=== WHAT TO WORK ON ===
Output all entries verbatim.

=== RECORDS SHOWN ===
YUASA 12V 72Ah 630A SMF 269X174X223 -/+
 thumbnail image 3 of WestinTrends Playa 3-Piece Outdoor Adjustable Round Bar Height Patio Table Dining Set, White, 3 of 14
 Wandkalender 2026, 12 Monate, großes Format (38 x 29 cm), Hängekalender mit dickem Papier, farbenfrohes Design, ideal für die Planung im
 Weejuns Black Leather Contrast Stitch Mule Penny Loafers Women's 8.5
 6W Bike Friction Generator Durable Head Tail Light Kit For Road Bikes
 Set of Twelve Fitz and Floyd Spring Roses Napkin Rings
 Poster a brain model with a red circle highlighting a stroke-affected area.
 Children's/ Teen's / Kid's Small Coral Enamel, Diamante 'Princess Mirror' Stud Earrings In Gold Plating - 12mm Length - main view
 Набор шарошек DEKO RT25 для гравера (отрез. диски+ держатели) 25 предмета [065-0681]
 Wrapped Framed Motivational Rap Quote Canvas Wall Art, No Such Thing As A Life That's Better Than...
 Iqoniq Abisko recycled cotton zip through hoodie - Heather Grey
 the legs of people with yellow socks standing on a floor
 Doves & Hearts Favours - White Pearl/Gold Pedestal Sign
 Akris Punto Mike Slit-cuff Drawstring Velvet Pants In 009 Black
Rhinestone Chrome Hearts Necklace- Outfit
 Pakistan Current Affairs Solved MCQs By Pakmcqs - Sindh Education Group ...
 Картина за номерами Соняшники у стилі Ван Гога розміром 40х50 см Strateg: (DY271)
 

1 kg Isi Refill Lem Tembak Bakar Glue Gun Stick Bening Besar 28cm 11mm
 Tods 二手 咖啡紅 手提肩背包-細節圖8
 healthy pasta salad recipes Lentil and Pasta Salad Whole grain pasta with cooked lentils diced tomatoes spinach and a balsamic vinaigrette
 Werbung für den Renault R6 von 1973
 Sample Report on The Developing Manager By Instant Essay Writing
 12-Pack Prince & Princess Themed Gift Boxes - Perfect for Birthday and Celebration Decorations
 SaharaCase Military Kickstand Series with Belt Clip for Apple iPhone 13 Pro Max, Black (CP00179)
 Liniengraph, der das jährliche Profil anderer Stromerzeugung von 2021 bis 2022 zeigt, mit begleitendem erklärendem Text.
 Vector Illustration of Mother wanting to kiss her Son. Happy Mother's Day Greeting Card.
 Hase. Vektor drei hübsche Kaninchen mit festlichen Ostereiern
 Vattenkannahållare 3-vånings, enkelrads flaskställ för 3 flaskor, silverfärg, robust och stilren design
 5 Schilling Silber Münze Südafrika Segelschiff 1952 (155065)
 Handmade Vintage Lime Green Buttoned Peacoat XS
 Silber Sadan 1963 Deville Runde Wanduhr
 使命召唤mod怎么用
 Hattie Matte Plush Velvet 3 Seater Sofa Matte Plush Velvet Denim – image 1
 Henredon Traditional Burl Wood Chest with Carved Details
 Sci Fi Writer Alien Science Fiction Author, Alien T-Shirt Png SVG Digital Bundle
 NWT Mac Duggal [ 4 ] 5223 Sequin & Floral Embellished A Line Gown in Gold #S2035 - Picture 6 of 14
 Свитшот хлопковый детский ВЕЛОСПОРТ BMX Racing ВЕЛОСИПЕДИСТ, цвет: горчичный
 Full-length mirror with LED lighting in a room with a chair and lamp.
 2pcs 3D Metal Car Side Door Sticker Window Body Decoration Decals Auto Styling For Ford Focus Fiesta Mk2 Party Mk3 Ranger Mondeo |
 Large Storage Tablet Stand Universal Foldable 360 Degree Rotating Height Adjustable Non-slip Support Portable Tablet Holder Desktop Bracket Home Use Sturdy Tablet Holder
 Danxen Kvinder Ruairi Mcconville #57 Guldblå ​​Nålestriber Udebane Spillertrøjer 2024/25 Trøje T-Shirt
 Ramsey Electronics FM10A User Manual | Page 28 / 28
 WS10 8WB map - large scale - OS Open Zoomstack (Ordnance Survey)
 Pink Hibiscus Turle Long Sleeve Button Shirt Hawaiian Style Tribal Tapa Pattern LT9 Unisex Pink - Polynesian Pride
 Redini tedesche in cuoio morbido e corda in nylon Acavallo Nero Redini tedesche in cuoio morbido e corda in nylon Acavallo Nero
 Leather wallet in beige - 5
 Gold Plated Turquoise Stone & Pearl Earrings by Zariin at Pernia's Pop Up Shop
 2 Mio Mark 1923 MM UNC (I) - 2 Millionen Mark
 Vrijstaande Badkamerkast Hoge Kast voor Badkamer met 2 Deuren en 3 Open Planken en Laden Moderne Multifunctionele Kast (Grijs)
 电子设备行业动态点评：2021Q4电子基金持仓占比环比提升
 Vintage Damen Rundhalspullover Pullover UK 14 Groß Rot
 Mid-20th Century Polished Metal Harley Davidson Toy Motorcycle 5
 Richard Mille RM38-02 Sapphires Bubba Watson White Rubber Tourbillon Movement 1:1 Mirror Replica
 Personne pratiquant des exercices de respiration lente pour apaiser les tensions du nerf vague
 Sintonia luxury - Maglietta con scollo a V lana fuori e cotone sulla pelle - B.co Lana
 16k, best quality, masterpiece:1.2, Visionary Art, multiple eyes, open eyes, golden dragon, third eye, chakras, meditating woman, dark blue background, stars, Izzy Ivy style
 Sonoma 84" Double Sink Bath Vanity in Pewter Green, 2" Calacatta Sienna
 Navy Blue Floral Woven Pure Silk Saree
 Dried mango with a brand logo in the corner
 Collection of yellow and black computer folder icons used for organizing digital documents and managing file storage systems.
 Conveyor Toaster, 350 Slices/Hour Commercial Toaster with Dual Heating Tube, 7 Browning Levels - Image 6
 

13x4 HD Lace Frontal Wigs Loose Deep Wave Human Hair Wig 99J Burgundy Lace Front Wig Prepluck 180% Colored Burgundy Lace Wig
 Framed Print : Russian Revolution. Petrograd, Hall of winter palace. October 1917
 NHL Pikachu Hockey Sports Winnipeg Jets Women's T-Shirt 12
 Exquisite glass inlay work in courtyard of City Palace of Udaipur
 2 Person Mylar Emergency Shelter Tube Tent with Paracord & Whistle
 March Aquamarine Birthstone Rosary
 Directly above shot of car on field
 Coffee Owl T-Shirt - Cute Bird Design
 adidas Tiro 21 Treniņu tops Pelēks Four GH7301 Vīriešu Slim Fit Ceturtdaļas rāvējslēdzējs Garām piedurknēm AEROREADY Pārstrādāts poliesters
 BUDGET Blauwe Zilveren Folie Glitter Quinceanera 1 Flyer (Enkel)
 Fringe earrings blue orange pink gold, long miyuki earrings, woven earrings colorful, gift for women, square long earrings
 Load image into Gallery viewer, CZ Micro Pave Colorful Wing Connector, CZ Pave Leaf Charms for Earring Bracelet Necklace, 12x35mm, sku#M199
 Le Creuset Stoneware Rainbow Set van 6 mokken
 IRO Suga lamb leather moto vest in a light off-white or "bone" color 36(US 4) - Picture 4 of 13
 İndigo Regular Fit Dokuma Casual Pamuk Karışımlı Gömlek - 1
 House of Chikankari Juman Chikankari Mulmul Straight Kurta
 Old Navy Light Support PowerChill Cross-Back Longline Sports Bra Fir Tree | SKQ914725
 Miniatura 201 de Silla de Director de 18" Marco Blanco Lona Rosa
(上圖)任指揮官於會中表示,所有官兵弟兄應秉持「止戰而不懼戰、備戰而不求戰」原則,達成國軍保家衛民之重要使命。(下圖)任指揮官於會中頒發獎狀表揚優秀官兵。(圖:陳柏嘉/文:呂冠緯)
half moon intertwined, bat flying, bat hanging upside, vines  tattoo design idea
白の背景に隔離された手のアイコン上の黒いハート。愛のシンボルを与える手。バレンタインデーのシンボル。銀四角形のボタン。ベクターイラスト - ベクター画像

=== TASK SOLUTION ===
YUASA 12V 72Ah 630A SMF 269X174X223 -/+
 thumbnail image 3 of WestinTrends Playa 3-Piece Outdoor Adjustable Round Bar Height Patio Table Dining Set, White, 3 of 14
 Wandkalender 2026, 12 Monate, großes Format (38 x 29 cm), Hängekalender mit dickem Papier, farbenfrohes Design, ideal für die Planung im
 Weejuns Black Leather Contrast Stitch Mule Penny Loafers Women's 8.5
 6W Bike Friction Generator Durable Head Tail Light Kit For Road Bikes
 Set of Twelve Fitz and Floyd Spring Roses Napkin Rings
 Poster a brain model with a red circle highlighting a stroke-affected area.
 Children's/ Teen's / Kid's Small Coral Enamel, Diamante 'Princess Mirror' Stud Earrings In Gold Plating - 12mm Length - main view
 Набор шарошек DEKO RT25 для гравера (отрез. диски+ держатели) 25 предмета [065-0681]
 Wrapped Framed Motivational Rap Quote Canvas Wall Art, No Such Thing As A Life That's Better Than...
 Iqoniq Abisko recycled cotton zip through hoodie - Heather Grey
 the legs of people with yellow socks standing on a floor
 Doves & Hearts Favours - White Pearl/Gold Pedestal Sign
 Akris Punto Mike Slit-cuff Drawstring Velvet Pants In 009 Black
Rhinestone Chrome Hearts Necklace- Outfit
 Pakistan Current Affairs Solved MCQs By Pakmcqs - Sindh Education Group ...
 Картина за номерами Соняшники у стилі Ван Гога розміром 40х50 см Strateg: (DY271)
 

1 kg Isi Refill Lem Tembak Bakar Glue Gun Stick Bening Besar 28cm 11mm
 Tods 二手 咖啡紅 手提肩背包-細節圖8
 healthy pasta salad recipes Lentil and Pasta Salad Whole grain pasta with cooked lentils diced tomatoes spinach and a balsamic vinaigrette
 Werbung für den Renault R6 von 1973
 Sample Report on The Developing Manager By Instant Essay Writing
 12-Pack Prince & Princess Themed Gift Boxes - Perfect for Birthday and Celebration Decorations
 SaharaCase Military Kickstand Series with Belt Clip for Apple iPhone 13 Pro Max, Black (CP00179)
 Liniengraph, der das jährliche Profil anderer Stromerzeugung von 2021 bis 2022 zeigt, mit begleitendem erklärendem Text.
 Vector Illustration of Mother wanting to kiss her Son. Happy Mother's Day Greeting Card.
 Hase. Vektor drei hübsche Kaninchen mit festlichen Ostereiern
 Vattenkannahållare 3-vånings, enkelrads flaskställ för 3 flaskor, silverfärg, robust och stilren design
 5 Schilling Silber Münze Südafrika Segelschiff 1952 (155065)
 Handmade Vintage Lime Green Buttoned Peacoat XS
 Silber Sadan 1963 Deville Runde Wanduhr
 使命召唤mod怎么用
 Hattie Matte Plush Velvet 3 Seater Sofa Matte Plush Velvet Denim – image 1
 Henredon Traditional Burl Wood Chest with Carved Details
 Sci Fi Writer Alien Science Fiction Author, Alien T-Shirt Png SVG Digital Bundle
 NWT Mac Duggal [ 4 ] 5223 Sequin & Floral Embellished A Line Gown in Gold #S2035 - Picture 6 of 14
 Свитшот хлопковый детский ВЕЛОСПОРТ BMX Racing ВЕЛОСИПЕДИСТ, цвет: горчичный
 Full-length mirror with LED lighting in a room with a chair and lamp.
 2pcs 3D Metal Car Side Door Sticker Window Body Decoration Decals Auto Styling For Ford Focus Fiesta Mk2 Party Mk3 Ranger Mondeo |
 Large Storage Tablet Stand Universal Foldable 360 Degree Rotating Height Adjustable Non-slip Support Portable Tablet Holder Desktop Bracket Home Use Sturdy Tablet Holder
 Danxen Kvinder Ruairi Mcconville #57 Guldblå ​​Nålestriber Udebane Spillertrøjer 2024/25 Trøje T-Shirt
 Ramsey Electronics FM10A User Manual | Page 28 / 28
 WS10 8WB map - large scale - OS Open Zoomstack (Ordnance Survey)
 Pink Hibiscus Turle Long Sleeve Button Shirt Hawaiian Style Tribal Tapa Pattern LT9 Unisex Pink - Polynesian Pride
 Redini tedesche in cuoio morbido e corda in nylon Acavallo Nero Redini tedesche in cuoio morbido e corda in nylon Acavallo Nero
 Leather wallet in beige - 5
 Gold Plated Turquoise Stone & Pearl Earrings by Zariin at Pernia's Pop Up Shop
 2 Mio Mark 1923 MM UNC (I) - 2 Millionen Mark
 Vrijstaande Badkamerkast Hoge Kast voor Badkamer met 2 Deuren en 3 Open Planken en Laden Moderne Multifunctionele Kast (Grijs)
 电子设备行业动态点评：2021Q4电子基金持仓占比环比提升
 Vintage Damen Rundhalspullover Pullover UK 14 Groß Rot
 Mid-20th Century Polished Metal Harley Davidson Toy Motorcycle 5
 Richard Mille RM38-02 Sapphires Bubba Watson White Rubber Tourbillon Movement 1:1 Mirror Replica
 Personne pratiquant des exercices de respiration lente pour apaiser les tensions du nerf vague
 Sintonia luxury - Maglietta con scollo a V lana fuori e cotone sulla pelle - B.co Lana
 16k, best quality, masterpiece:1.2, Visionary Art, multiple eyes, open eyes, golden dragon, third eye, chakras, meditating woman, dark blue background, stars, Izzy Ivy style
 Sonoma 84" Double Sink Bath Vanity in Pewter Green, 2" Calacatta Sienna
 Navy Blue Floral Woven Pure Silk Saree
 Dried mango with a brand logo in the corner
 Collection of yellow and black computer folder icons used for organizing digital documents and managing file storage systems.
 Conveyor Toaster, 350 Slices/Hour Commercial Toaster with Dual Heating Tube, 7 Browning Levels - Image 6
 

13x4 HD Lace Frontal Wigs Loose Deep Wave Human Hair Wig 99J Burgundy Lace Front Wig Prepluck 180% Colored Burgundy Lace Wig
 Framed Print : Russian Revolution. Petrograd, Hall of winter palace. October 1917
 NHL Pikachu Hockey Sports Winnipeg Jets Women's T-Shirt 12
 Exquisite glass inlay work in courtyard of City Palace of Udaipur
 2 Person Mylar Emergency Shelter Tube Tent with Paracord & Whistle
 March Aquamarine Birthstone Rosary
 Directly above shot of car on field
 Coffee Owl T-Shirt - Cute Bird Design
 adidas Tiro 21 Treniņu tops Pelēks Four GH7301 Vīriešu Slim Fit Ceturtdaļas rāvējslēdzējs Garām piedurknēm AEROREADY Pārstrādāts poliesters
 BUDGET Blauwe Zilveren Folie Glitter Quinceanera 1 Flyer (Enkel)
 Fringe earrings blue orange pink gold, long miyuki earrings, woven earrings colorful, gift for women, square long earrings
 Load image into Gallery viewer, CZ Micro Pave Colorful Wing Connector, CZ Pave Leaf Charms for Earring Bracelet Necklace, 12x35mm, sku#M199
 Le Creuset Stoneware Rainbow Set van 6 mokken
 IRO Suga lamb leather moto vest in a light off-white or "bone" color 36(US 4) - Picture 4 of 13
 İndigo Regular Fit Dokuma Casual Pamuk Karışımlı Gömlek - 1
 House of Chikankari Juman Chikankari Mulmul Straight Kurta
 Old Navy Light Support PowerChill Cross-Back Longline Sports Bra Fir Tree | SKQ914725
 Miniatura 201 de Silla de Director de 18" Marco Blanco Lona Rosa
(上圖)任指揮官於會中表示,所有官兵弟兄應秉持「止戰而不懼戰、備戰而不求戰」原則,達成國軍保家衛民之重要使命。(下圖)任指揮官於會中頒發獎狀表揚優秀官兵。(圖:陳柏嘉/文:呂冠緯)
half moon intertwined, bat flying, bat hanging upside, vines  tattoo design idea
白の背景に隔離された手のアイコン上の黒いハート。愛のシンボルを与える手。バレンタインデーのシンボル。銀四角形のボタン。ベクターイラスト - ベクター画像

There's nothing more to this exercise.